# WHAT THE EXERCISE ASKS:
Keep the images out and copy every entry below exactly.

______

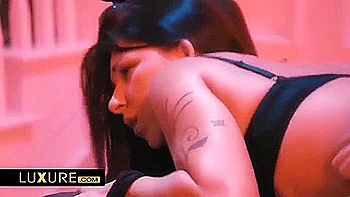 Featuring Carollina Cherrys Double Penetration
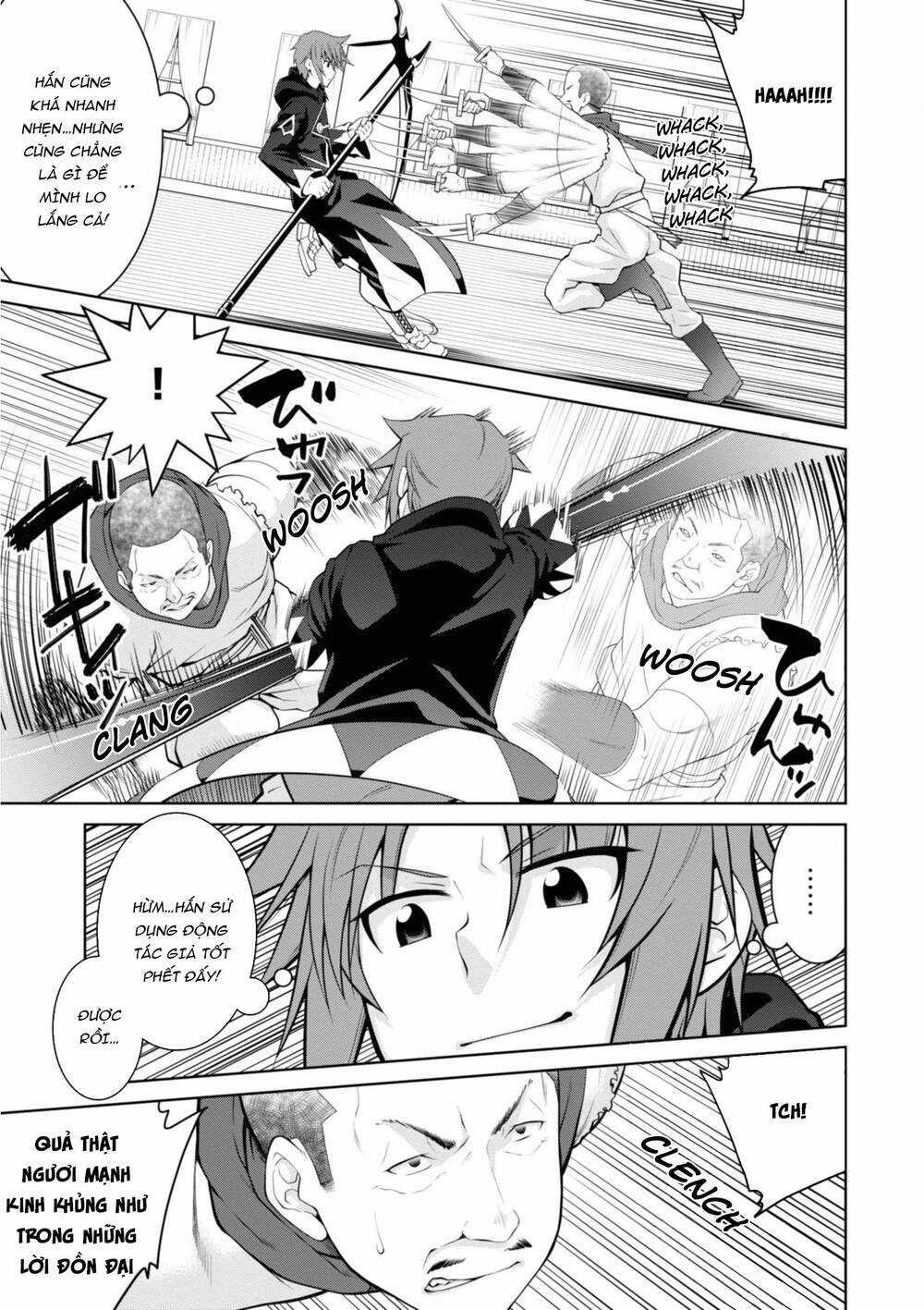 Legend Isekai Chapter 46 trang 9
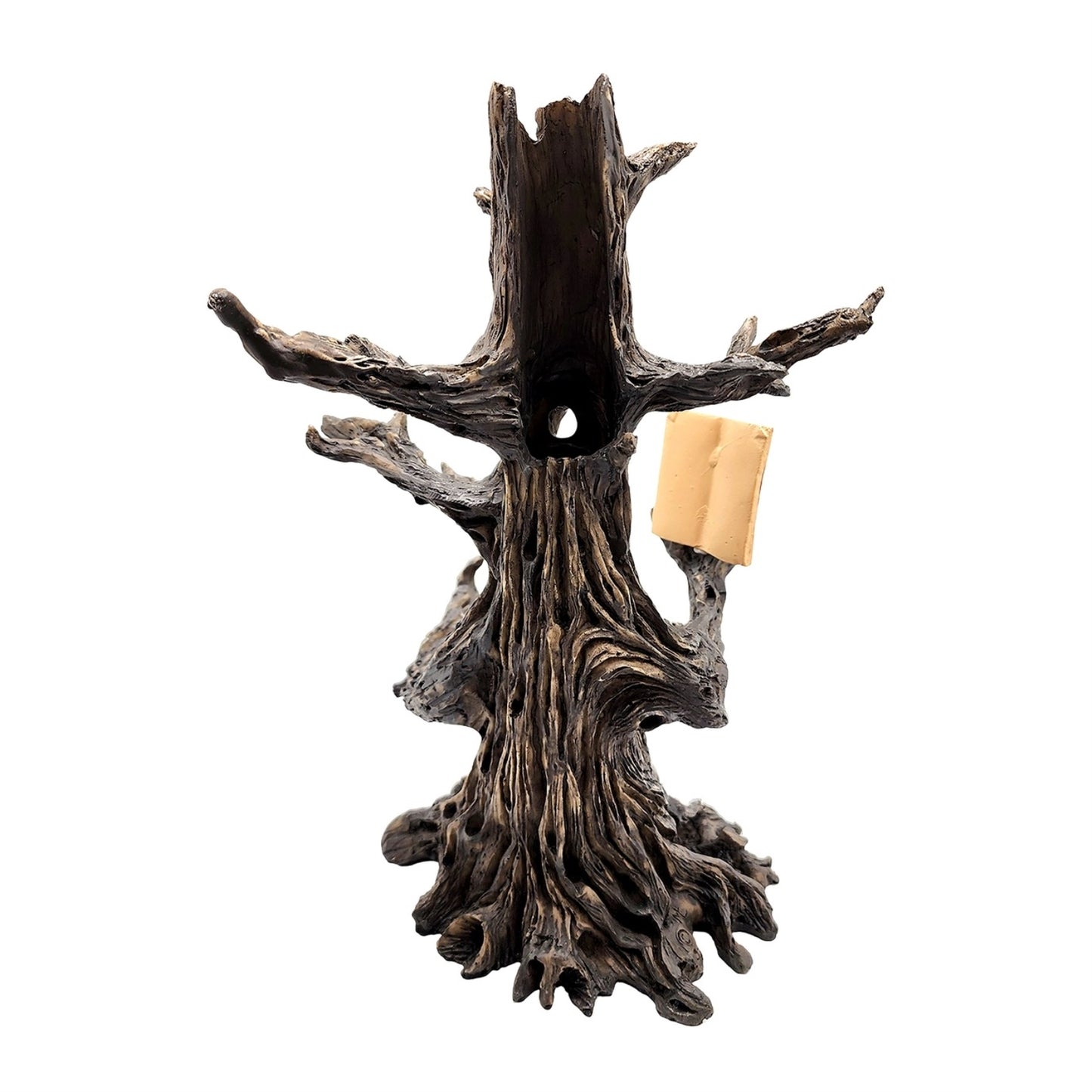 Fantasy Gifts Poet Tree Incense Burner Holder 11 Inch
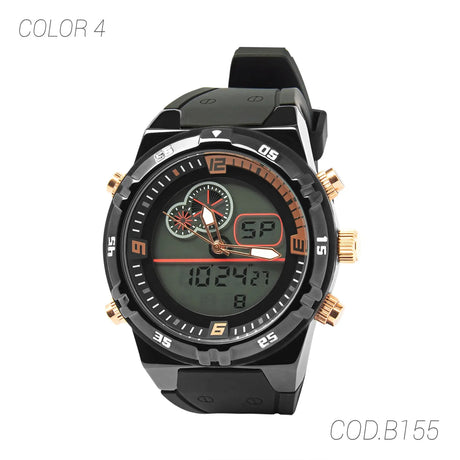 RELOJ ACUATICO HOMBRE B155 BOSELLI BOSELLI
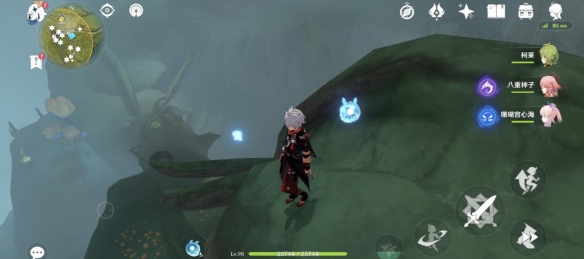 原神秘宝迷踪藏宝地6位置在哪 3.0秘宝迷踪藏宝地6特殊宝藏位置[多图]图片8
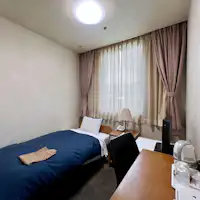 【ห้องเดี่ยว A (สูบบุหรี่)】ห้องหลัก 2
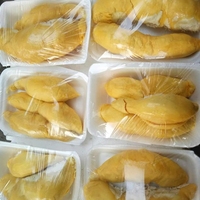 Hoge Kwaliteit Iqf Durian/Frozen Durian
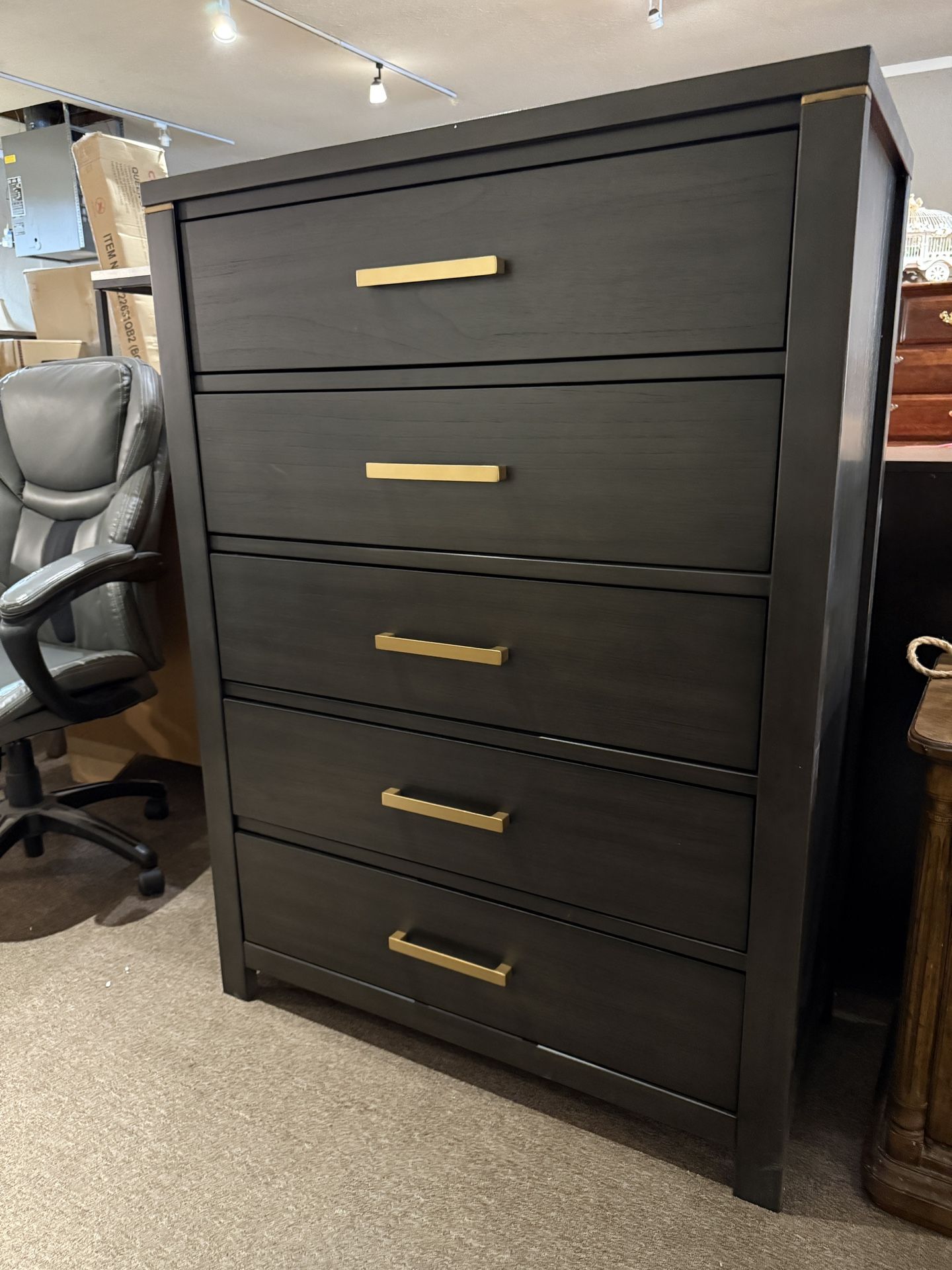 New Dresser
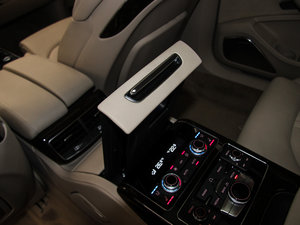2015款6.3 FSI W12 quattro旗舰型 空间座椅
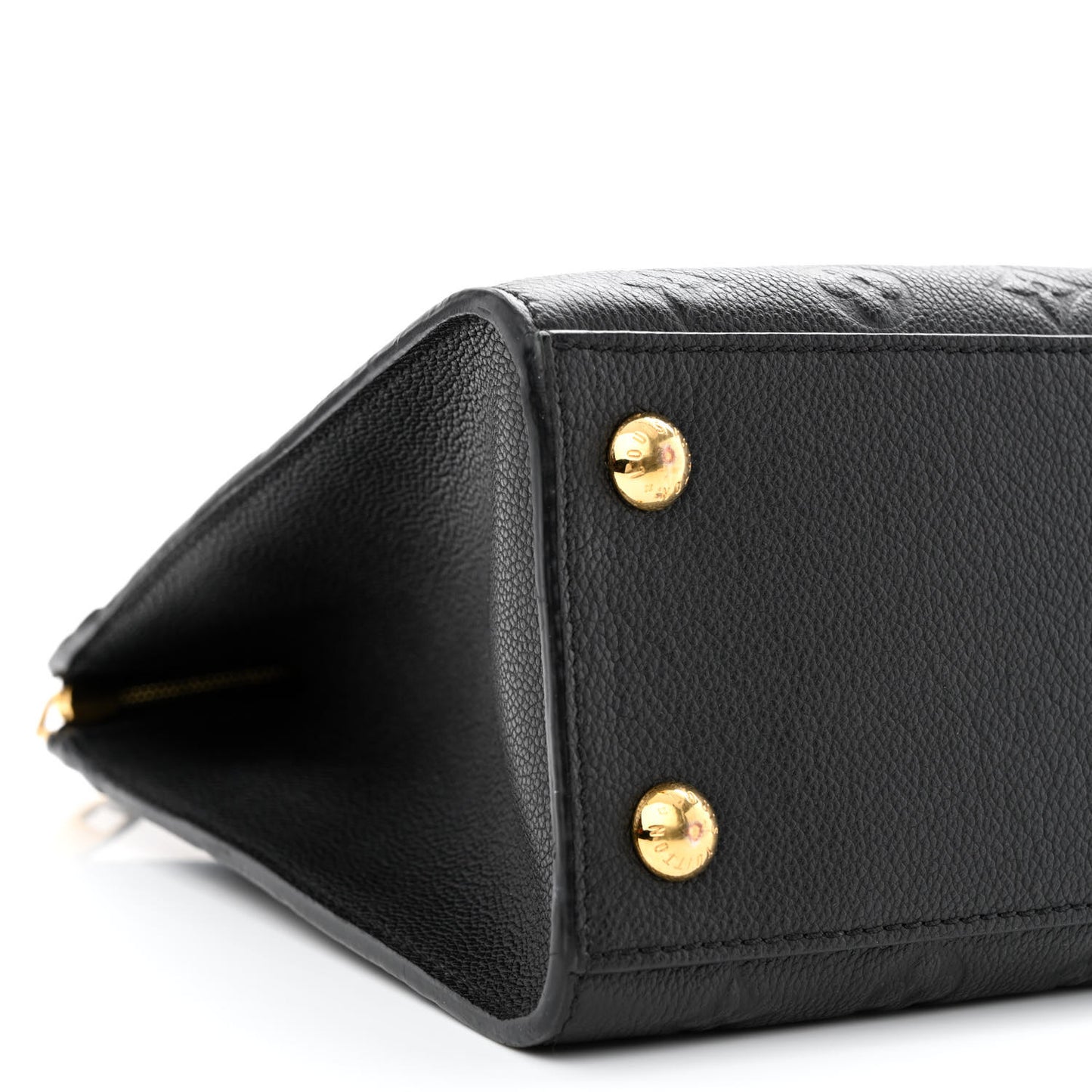 Empreinte Pont Neuf MM Black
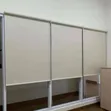 Blackout Horizontal Roller Office Blinds - 2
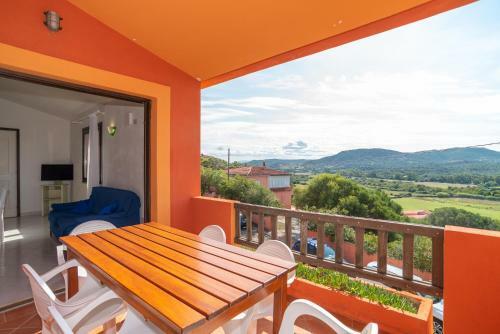 Apartamento Conchiglia Verde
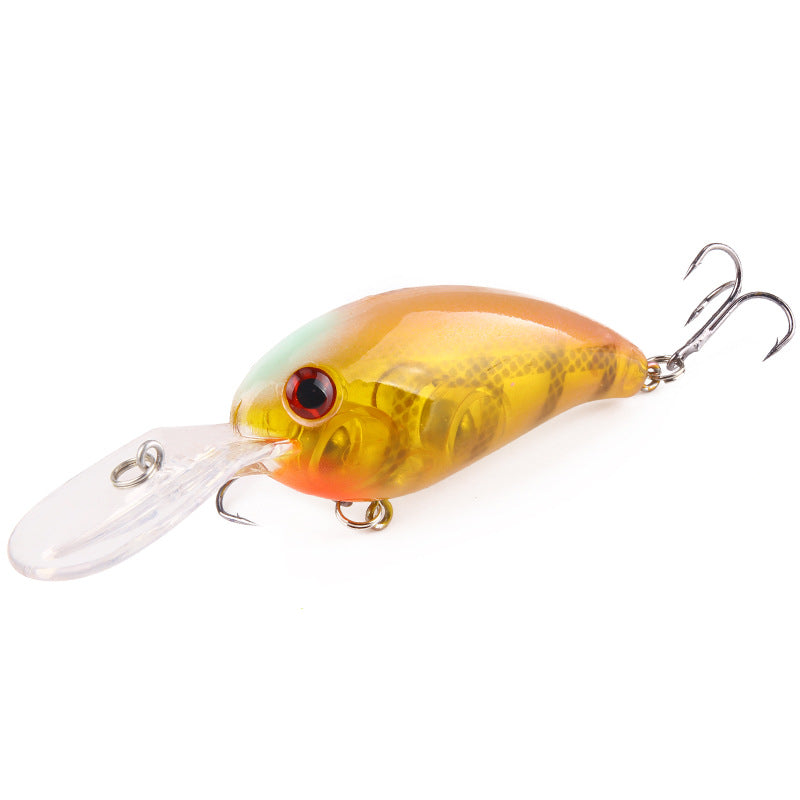 XY-195 Crank Lures – Hard Plastic Fishing Lure for Bass – Bulk Wholesale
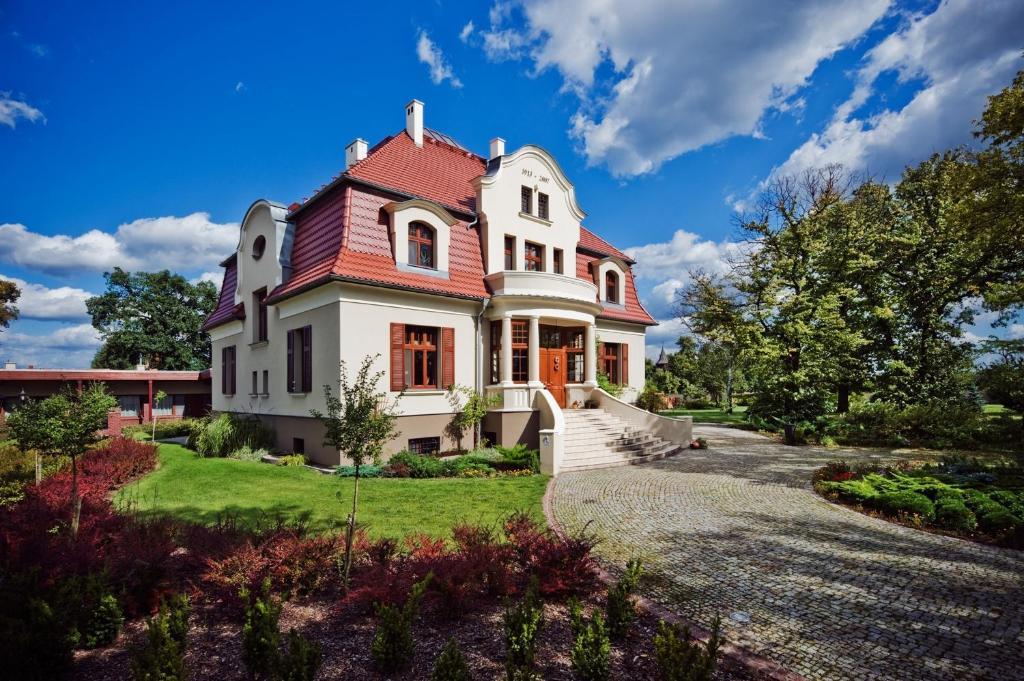Villa Cztery Pory Roku Zbąszynek المظهر الخارجي الصورة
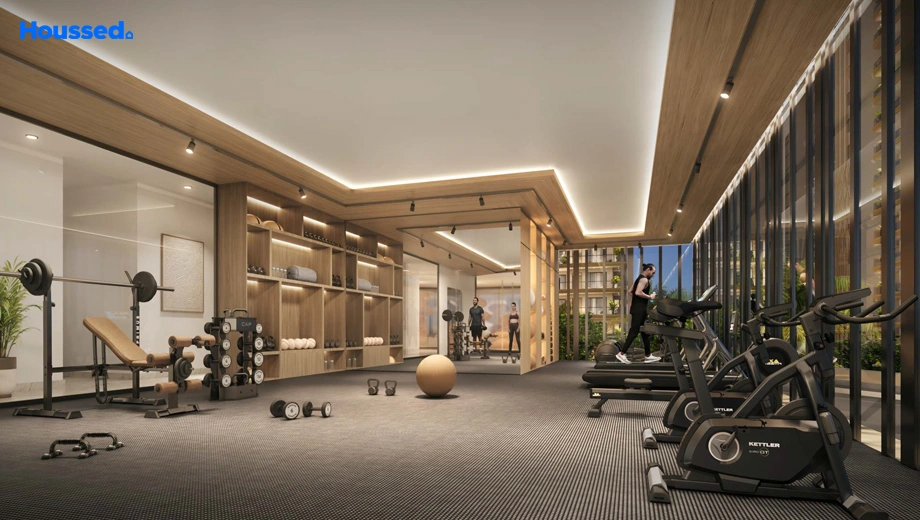 Amenities of Vista Palencia in Zirakpur, Chandigarh - Image 394849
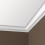 Profhome 150144 Cornice Moulding Decorative Crown Moulding Coving Cornice 2 m 2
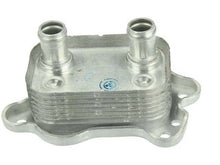 Load image into Gallery viewer, URO Parts Engine Oil Cooler 11-42-7-509-212 - Side View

______

# RESPONSE AREA:
 Featuring Carollina Cherrys Double Penetration
 Legend Isekai Chapter 46 trang 9
 Fantasy Gifts Poet Tree Incense Burner Holder 11 Inch
 RELOJ ACUATICO HOMBRE B155 BOSELLI BOSELLI
 原神秘宝迷踪藏宝地6位置在哪 3.0秘宝迷踪藏宝地6特殊宝藏位置[多图]图片8
 【ห้องเดี่ยว A (สูบบุหรี่)】ห้องหลัก 2
 Hoge Kwaliteit Iqf Durian/Frozen Durian
 New Dresser
2015款6.3 FSI W12 quattro旗舰型 空间座椅
 Empreinte Pont Neuf MM Black
 Blackout Horizontal Roller Office Blinds - 2
 Apartamento Conchiglia Verde
 XY-195 Crank Lures – Hard Plastic Fishing Lure for Bass – Bulk Wholesale
Villa Cztery Pory Roku Zbąszynek المظهر الخارجي الصورة
 Amenities of Vista Palencia in Zirakpur, Chandigarh - Image 394849
 Profhome 150144 Cornice Moulding Decorative Crown Moulding Coving Cornice 2 m 2
 Load image into Gallery viewer, URO Parts Engine Oil Cooler 11-42-7-509-212 - Side View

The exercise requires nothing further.